Thank you so much for taking the time to tell me this! I completely agree that the racist actions pointed out are not ok.Thank you for highlighting that there is more than one side to this conversation and this person. I apologize for the impact that had on you and other people of color in this group. I wasn’t aware of the past missteps from this person. I’ll read the resources you suggested and work to do more research in the future ahead of time.

Instead I:

  • Got defensive instead of curious

  • Didn’t fully acknowledge what this person was saying

  • Didn’t immediately and fully acknowledge that the racism pointed out was not ok

  • Responded quickly without checking in about my own implicit bias, limiting conversation to my experience only and not to how other people in the group are experiencing this person

  • Asked for the conversation to be paused until I got back from a conference, which had the impact of silencing the conversation


I’m sorry for any harm I’ve caused folks of color in this group, and in my larger community, through my actions. I want you to know that I care deeply about BIPOC TGNC visibility and voices and I know that there is work to be done on my part to make sure that Practical Audacity and I center and celebrate those voices. I can see now how I could have responded differently throughout the thread to make that abundantly clear. 
This is so important to me and I am working to take steps to repair and learn.

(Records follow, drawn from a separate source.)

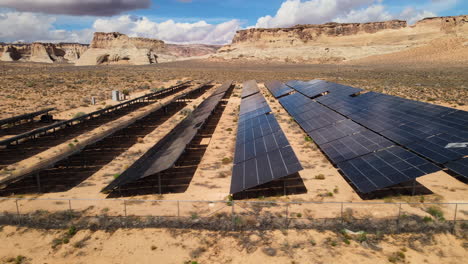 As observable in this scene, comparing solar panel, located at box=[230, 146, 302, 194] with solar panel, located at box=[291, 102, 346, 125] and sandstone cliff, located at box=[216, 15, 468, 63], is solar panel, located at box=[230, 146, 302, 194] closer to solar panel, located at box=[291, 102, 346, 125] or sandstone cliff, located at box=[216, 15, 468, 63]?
solar panel, located at box=[291, 102, 346, 125]

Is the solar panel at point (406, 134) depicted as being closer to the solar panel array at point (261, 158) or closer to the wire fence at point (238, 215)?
the wire fence at point (238, 215)

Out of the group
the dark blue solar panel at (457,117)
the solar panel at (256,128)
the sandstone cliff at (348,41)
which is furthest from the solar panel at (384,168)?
the sandstone cliff at (348,41)

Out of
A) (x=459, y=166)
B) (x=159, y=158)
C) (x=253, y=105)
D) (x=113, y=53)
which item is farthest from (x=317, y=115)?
(x=113, y=53)

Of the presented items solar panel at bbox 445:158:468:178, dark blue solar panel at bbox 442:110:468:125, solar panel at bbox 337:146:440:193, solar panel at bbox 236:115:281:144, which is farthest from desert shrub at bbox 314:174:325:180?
dark blue solar panel at bbox 442:110:468:125

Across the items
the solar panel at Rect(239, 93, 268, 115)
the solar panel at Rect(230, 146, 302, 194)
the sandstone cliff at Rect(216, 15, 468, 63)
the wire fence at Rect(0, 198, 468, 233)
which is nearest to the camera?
the wire fence at Rect(0, 198, 468, 233)

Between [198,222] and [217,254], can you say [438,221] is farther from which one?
[198,222]

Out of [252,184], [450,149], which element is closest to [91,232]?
[252,184] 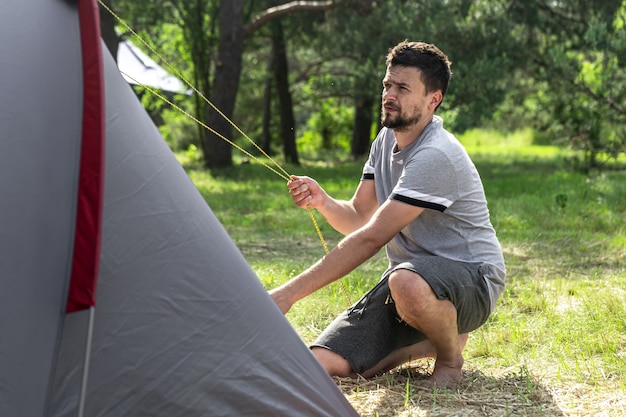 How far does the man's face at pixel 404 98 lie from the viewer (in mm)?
3574

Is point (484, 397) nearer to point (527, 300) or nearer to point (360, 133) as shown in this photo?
point (527, 300)

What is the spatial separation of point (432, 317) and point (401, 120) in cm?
82

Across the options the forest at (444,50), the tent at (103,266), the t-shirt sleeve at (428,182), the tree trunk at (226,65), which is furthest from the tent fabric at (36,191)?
the tree trunk at (226,65)

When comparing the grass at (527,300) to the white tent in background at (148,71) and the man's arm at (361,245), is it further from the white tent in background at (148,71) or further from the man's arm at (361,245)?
the white tent in background at (148,71)

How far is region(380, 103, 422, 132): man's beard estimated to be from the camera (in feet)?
11.7

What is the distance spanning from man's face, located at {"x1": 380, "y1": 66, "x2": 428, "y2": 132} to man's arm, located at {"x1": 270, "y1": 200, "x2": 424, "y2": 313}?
39 centimetres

Here are some of the actions I have taken and am continuing to take:

  • Opening the conversation about what else can I do to repair any harm caused to POC folx in the facebook group and in my Chicago community. I invite you to let me know how I can repair trust with you if you feel like you’ve been harmed.

  • Processing with a number of trusted advisors who are professionals in the mental health and community organizing fields from day one

  • Entering into a formal consultation process with a queer, POC diversity consultant, in order to respond appropriately and make sure that I’m able to hold myself accountable for the places that I made missteps along the way and to intentionally build a business that consistently addresses racism, whiteness, and implicit bias

  • Prioritizing POC guest moderators in the facebook group

  • Working to rebuild trust with POC folks harmed by this interaction, understanding that it takes time

  • Continuing to do my own work to root out any implicit bias that I may not be currently aware of

  • Doing work to make sure that the values (and how we live out those values) at Practical Audacity and in the facebook group are clear

  • Doing work to make sure that conversations, learnings, and practices related to diversity, equity, and inclusion are front and center at Practical Audacity, especially as a mostly white staff

I’m writing this on Tuesday, July 2nd. The day of the total solar eclipse in Cancer. This will probably not be sent today, but it feels significant to add that context. As a long-time Chani Nicholas fan, this really stood out to me as Chani talks about the eclipse, “Being afraid is no excuse for not trying. Being inexperienced is no reason not to go to the lengths we must to get a little time in the saddle. Being green and growing is far more powerful than sitting on the sidelines, choking with envy. “

When I was taking classes as a baby Chicagoan at Second City, one phase that was repeated over and over again (that I now repeat in every workshop I give) is to “fail bigger.” What this meant was that, in order to be a good improv performer (cough, good at life, cough), you have to be willing to start before you feel ready, put yourself out there, and take risks. And some of these risks are going to be colossal failures. And that when you fail, it’s your job to pick yourself up and do it all over again. Otherwise, you’re just going to stay on the sidelines your whole life, safely making no impact good or bad.

As Practical Audacity builds and become more of a public platform and voice, we will inevitably “fail bigger” and more publically. Fuck, y’all. That’s hard! And also, I’m here for it as a leader.

We are committed to continually learning and doing better. My doors and ears are open to discuss any feelings, thoughts, or ideas you have. Thanks so much for holding space for these important conversations. And thank you to my community, for being willing to call me on my sh*t. It’s important and I value your voice.